Além disso, o modelo de financiamento dos TTO continua muito dependente dos apoios públicos, um valor que se situa na ordem dos 40%. Apesar de terem sido registadas mais de 500 patentes em 2018, as receitas provenientes de propriedade intelectual são reduzidas.

Um quarto das spin-offs académicas nacionais já introduziu inovações radicais

Já o segundo estudo, centrado nas spin-offs e startups nacionais de base académica, indica que há uma concentração mais significativa no setor das TIC, perfazendo 40% da diversidade setorial das 104 organizações inquiridas. Deste universo, as startups têm um “peso” maior (50%) face às spin-offs (33%).

Os dados dão a conhecer que, por outro lado, o “peso” das spin-offs académicas é superior nos setores da saúde e ciências da vida, com 10% face aos 5% das startups, assim como no da biotecnologia, com 10% versus 2%.

A maior parte das empresas em análise está numa fase de scale-up e de crescimento e consolidação. Um quarto das spin-offs académicas questionadas afirmou ter introduzido inovações radicais, que vão além do estado da arte internacional. O estudo realça que 17% das startups tecnológicas também atingiram este patamar.

No que toca ao perfil dos fundadores das empresas, destacam-se pessoas altamente qualificadas, com uma idade média de 36 anos, se bem que nem sempre tenham uma forte experiência empresarial, em particular, no caso das spin-offs académicas.
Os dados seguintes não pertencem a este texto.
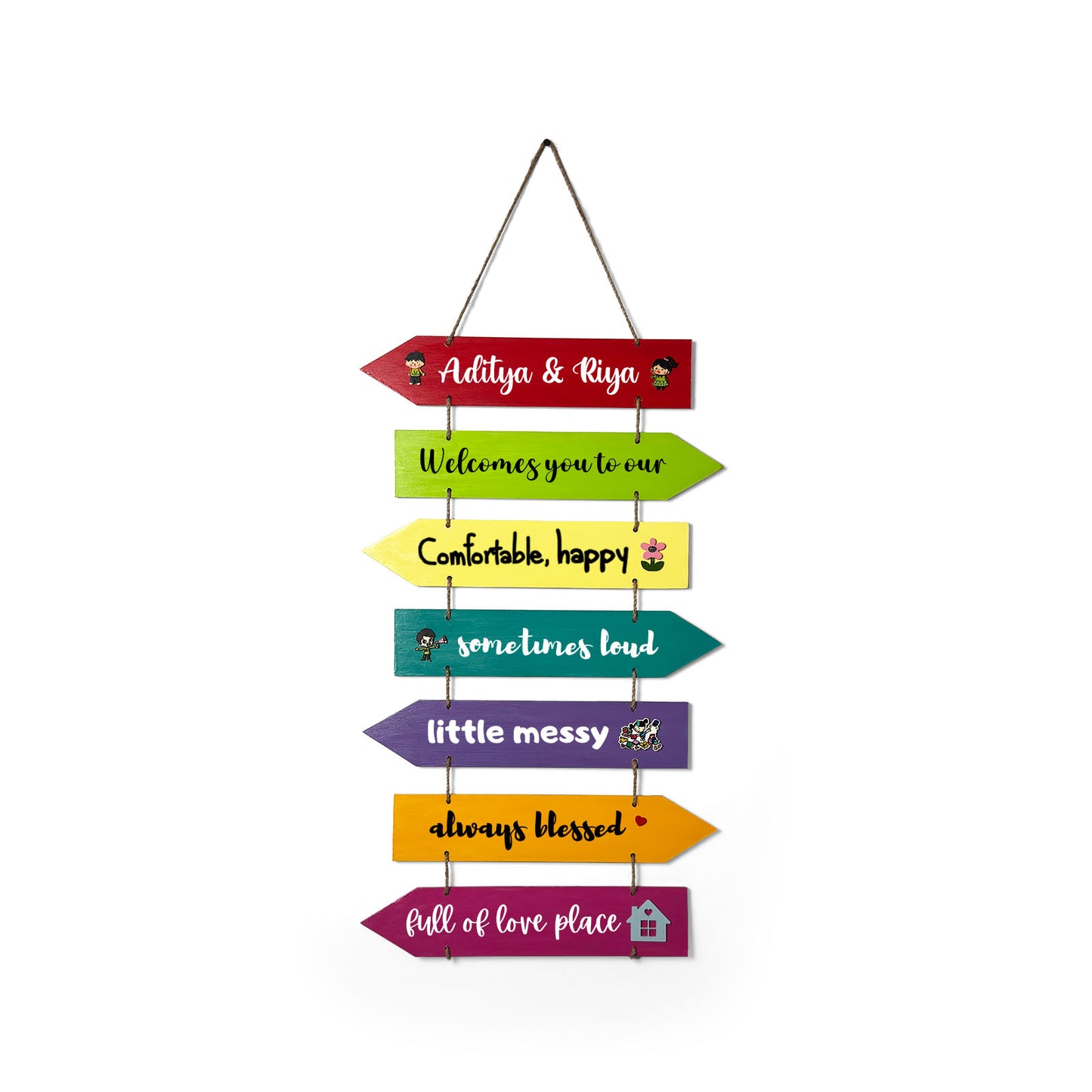 Welcomes You To Our Hand-Painted Wooden Arrow Plank Name Plate For Home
Embora o nível de habilitações dos fundadores seja mais elevado no caso das spin-offs, com uma taxa de doutorados na ordem dos 50%, os dados revelam que as startups acabam por equilibrar melhor a experiência académica com a empresarial.

O “pódio” dos principais fatores de motivação para a criação das empresas é liderado pela “identificação de uma oportunidade de mercado" (76%), seguindo-se a "aplicação de competências pessoais dos empreendedores/fundadores" (57%) e a "perspetiva de ganhos económicos futuros" (54%).
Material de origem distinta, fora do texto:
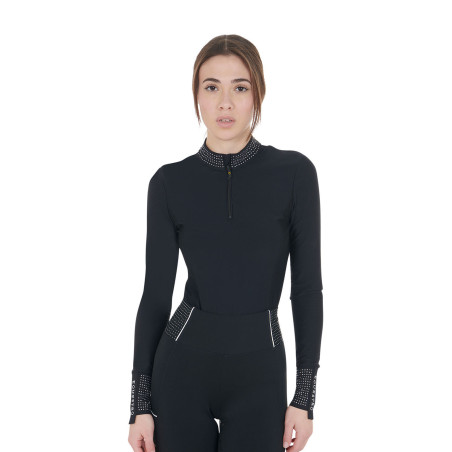 Dames technische trainingspolo met strass Equestro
O financiamento do negócio é visto pelas empresas como o principal desafio, seja a nível da própria disponibilidade financeira dos empreendedores ou na obtenção de financiamento no mercado. O capital próprio é a fonte de financiamento mais utilizada pelas empresas, seguido pelos incentivos financeiros disponíveis à I&D e ao empreendedorismo.
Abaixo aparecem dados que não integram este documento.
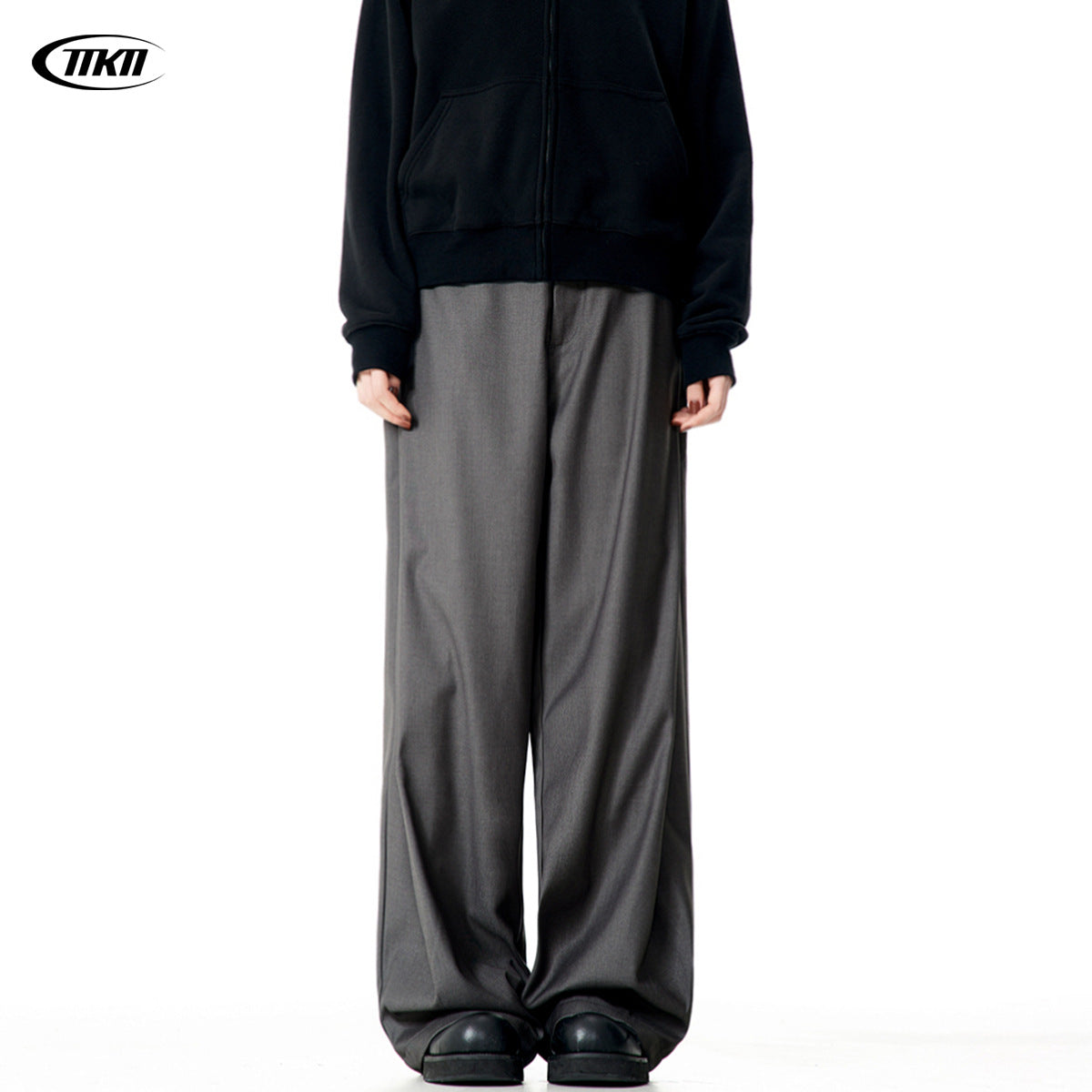 11KN Loose and Simple Casual and Thin Wide-leg Pants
Os estudos, cujos resultados foram apresentados num recente webinar organizado pela ANI, concluem que algumas das dificuldades identificadas podem ser ultrapassadas através da criação de um mecanismo de financiamento de base para os GITC, com vista à criação de equipas de interface “instituições de ensino superior – empresa” e atividades de transferência de conhecimento. A criação de uma rede nacional de GITC ou a promoção de entidades colaborativas pode também ser útil.

A ANI sublinha que a criação de mecanismos públicos de dinamização dos GITC deve ser acompanhada de uma maior responsabilização e orientação para resultados, suportada num mecanismo de prestação de informação e contas obrigatório cujo controlo ficaria a cargo de um Observatório sobre a Realidade de Valorização e Utilização do Conhecimento no Sistema Científico e Tecnológico Nacional.

O desenvolvimento do mercado de financiamento de risco é visto como fundamental para fomentar a criação de spin-offs e start-ups, permitindo o seu desenvolvimento e dando escala aos negócios pioneiros a nível internacional.